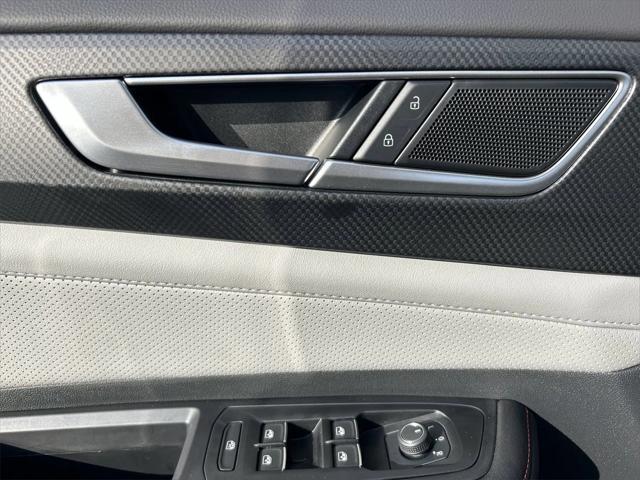 new 2025 Volkswagen Atlas car, priced at $46,254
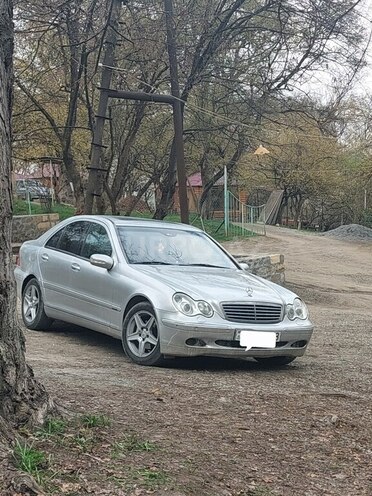 Mercedes C 180 2002, 286,000 km - 1.8 l - Bakı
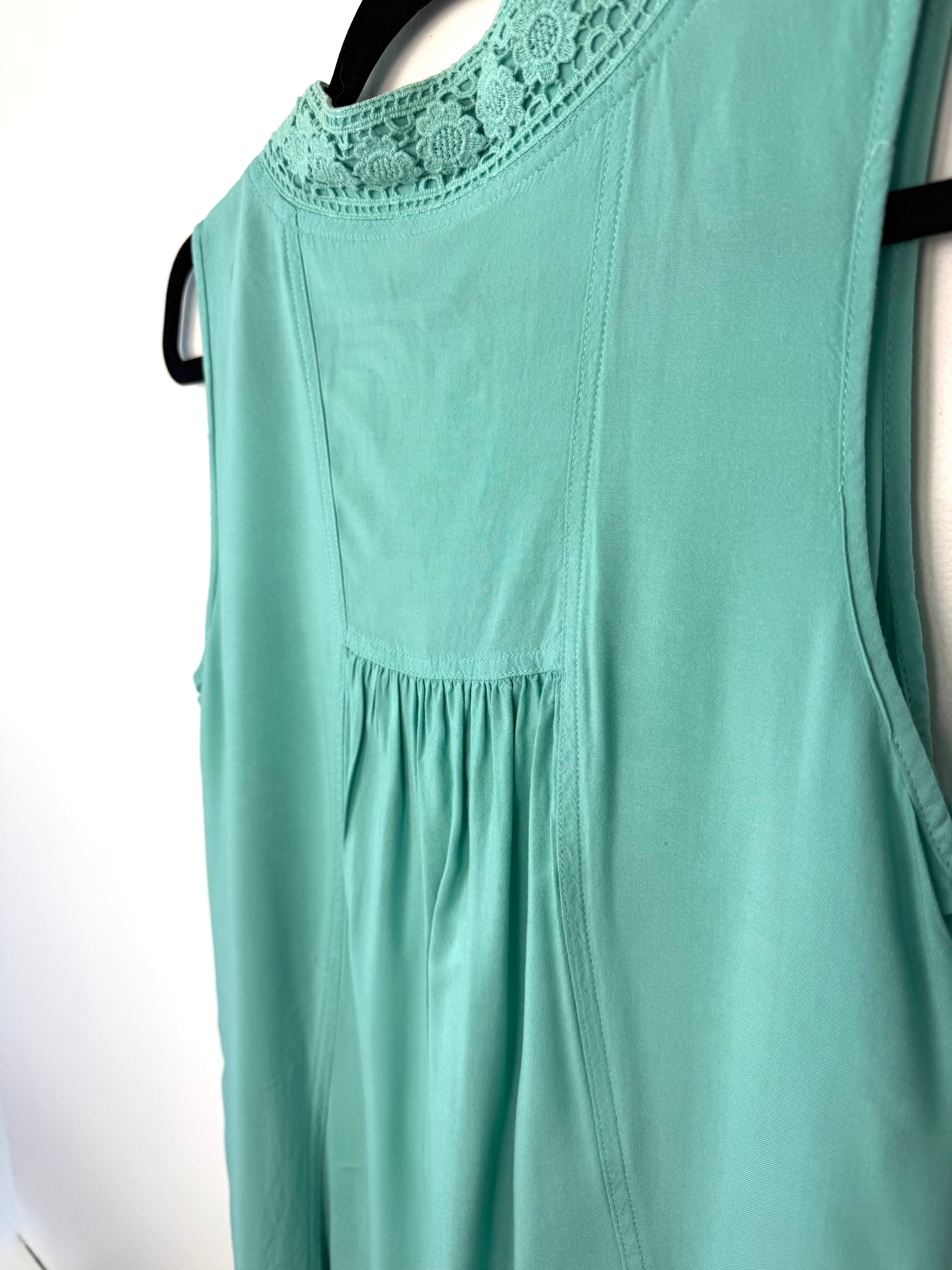 back of Aqua coloured Lace Trim Sleeveless Blouse | Size L by Spence at Blue Sparrow Shop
■ ■ ■ ■ ■
◆ Goal of the exercise: Reproduce all of the material exactly, apart from the pictures.

◆ Task output:
 new 2025 Volkswagen Atlas car, priced at $46,254
 Mercedes C 180 2002, 286,000 km - 1.8 l - Bakı
 back of Aqua coloured Lace Trim Sleeveless Blouse | Size L by Spence at Blue Sparrow Shop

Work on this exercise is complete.